Владимир Сергеевич безусловно сыграл большую роль в моем развитии, потому что несколько раз оказывал мне доверие авансом. Он выдвигал меня не только как хорошего стилиста в классе, но и как докладчика, артиста, как будущего журналиста, и последнее произошло следующим образом. Вдруг в 4 часа дня в воскресенье было объявлен поэзо-концерт Игоря Северянина, который жил в Тойла, курортном месте между Нарвой и Йевве. Он воспевал Прибалтику: «О, Балтика! О, Сканда! Я с тобой!» Период эго-футуризма, когда он эпатировал публику до революции и во время революции, уже прошел. «Ананасы в шампанском» теперь, пожалуй, не подходили к эмигрантской жизни. В Тойла он имел, как говорили злые языки, тринадцатую жену, эстонку, поэтессу, которая очень хорошо вдруг оседлала Игоря Васильевича и не позволяла ему искать четырнадцатую жену. Я пошел на поэзоконцерт. Народу было много. Все преимущественно из гимназии, кое-кто из родителей, педагоги и, между прочим, редактор-издатель, я еще не был с ним знаком, Ляхницкий, из ежедневной газеты «Последние известия». Он сидел в 1-м ряду, потом повернулся в полоборота и с интересом рассматривал зал. Когда я ближе узнал нравы газеты, то понял, что Ляхницкий мало общался с ревельским обществом, поэтому для него, вероятно, было событием скопление русской молодежи. Игорь Северянин оказался другим, чем мы предполагали. Я ожидал увидеть изломанного эстета, а перед нами вдруг появился высоченного роста, косая сажень в плечах, так нам показалось, по крайней мере, плотный, загорелый, с обветренным лицом, нестарый человек.
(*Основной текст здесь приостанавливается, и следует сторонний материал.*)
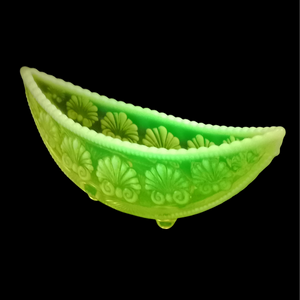 Uranium Glass Davidson "War of the Roses" Boat Dish 6 inch - 20th Century Artifacts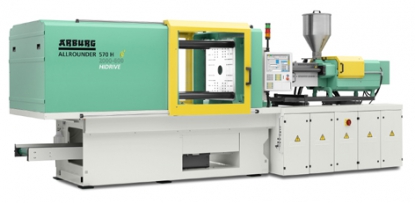 Inyectora híbrida Allrounder con aplicación de envasado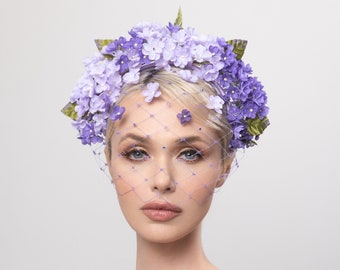 Tocado lila púrpura lavanda, diadema derby de Kentucky, tocado de lilas de primavera, sombrero derby de Kentucky, tocado de boda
Вероятно, ему было сорок с небольшим. И что больше всего нас поразило — это его костюм. Одет он был не по-городскому, в рыбацкий свитер и высокие рыбацкие сапоги выше колен. Мы похлопали ему, его представил Владимир Сергеевич Соколов, поскольку это шло под эгидой гимназического литературного кружка, сказал, какое это для нас «событие», он не употребил слово «честь». Когда Северянин стал читать, он вторично нас взял в плен, потому что содержание его поэзии было неожиданным. Никаких изломов, которые пугали или эпатировали русское читающее общество, никаких «Я — гений, Игорь Северянин! Я обэкранен! И повсесердно утвержден!» — ничего подобного. Была хорошая, искренняя и сильная поэзия:
О, Сканда-Балтика! Невеста Эрика!
Тебе я с берега
Дарю венок...
Это было очень уместно для публики в Ревеле. Был тогда в ходу популярный невинный танец фокстрот, который в те времена казался довольно-таки распущенным. Он написал стихи о культуре, которые нас очень поразили: «Культура, культура... И в похотных тактах фокстрота...» Поскольку молодежь часто бывает пуритански настроена, успех был потрясающим. Мы были в восторге. Боже, как он заклеймил то, что не привилось в русской гимназии в тот момент. Мы не включились еще в модерную музыку, в модерные танцы. Позднее это было, но не тогда. И замечательные стихи о природе он читал — «Поэза майских дней». Все это читалось наизусть:
Какие дни теперь стоят!
Ах, что это за дни!
Цветет, звенит, щебечет сад,
Господь его храни!
И нет кузнечикам числа,
Летящим на восток.
Весна себя переросла
И рост ее — жесток...(Май 1914, Тойла)
Я цитирую только отрывки, которые тогда же запомнил на всю жизнь. Некоторых стихов, которые он читал, я никогда так и не встретил в печати. Рев был потрясающий. Купил он нас окончательно и навсегда стихами, обращенными к России, где была строчка: «В Воскресенье свое всех виновных прощает Россия!» И хотя мы, гимназисты той поры, в подавляющем большинстве своем полностью отрицали большевизм и коммунизм, потому что все видели, и не только отвлеченно, но и практически, на судьбах наших семейств, на развале, который охватывал Россию и в котором мы были щепками гонимыми, эти строки соответствовали нашему общему настроению — надо быть великодушными, и суть России не в расправах, не в жестокости, не в суровости, а во всепонимании и всепрощении. Успех был громадный. Северянин был, видимо, доволен, сиял, кланялся, потом встал редактор, полуобнял его за плечи, и они вышли из зала вместе с директором, потом начали выходить и мы. Когда я шел по лестнице, вдруг кто-то положил мне руку на плечо. Я обернулся. Это был Владимир Сергеевич Соколов. «У меня к Вам дело. Редактор сказал, что они не смогли прислать репортера, который написал бы о поэзо-концерте Северянина. Между тем отчет необходимо поместить в газете. Сегодня воскресенье, и он просит, чтобы завтра часам к 5 текст был доставлен прямо ему. Тогда он попадет в вечерний набор. Я думаю, лучше всего будет, если Вы напишете». Я был польщен и немножко испуган. Сказал, что сделаю все возможное. Владимир Сергеевич добавил: «Пожалуйста, не пишите слишком длинно, иначе будут сокращать. 300—400 слов, не больше». И объяснил, сколько это примерно страниц от руки (машинки мы тогда не употребляли) — получалось 2 страницы с гаком.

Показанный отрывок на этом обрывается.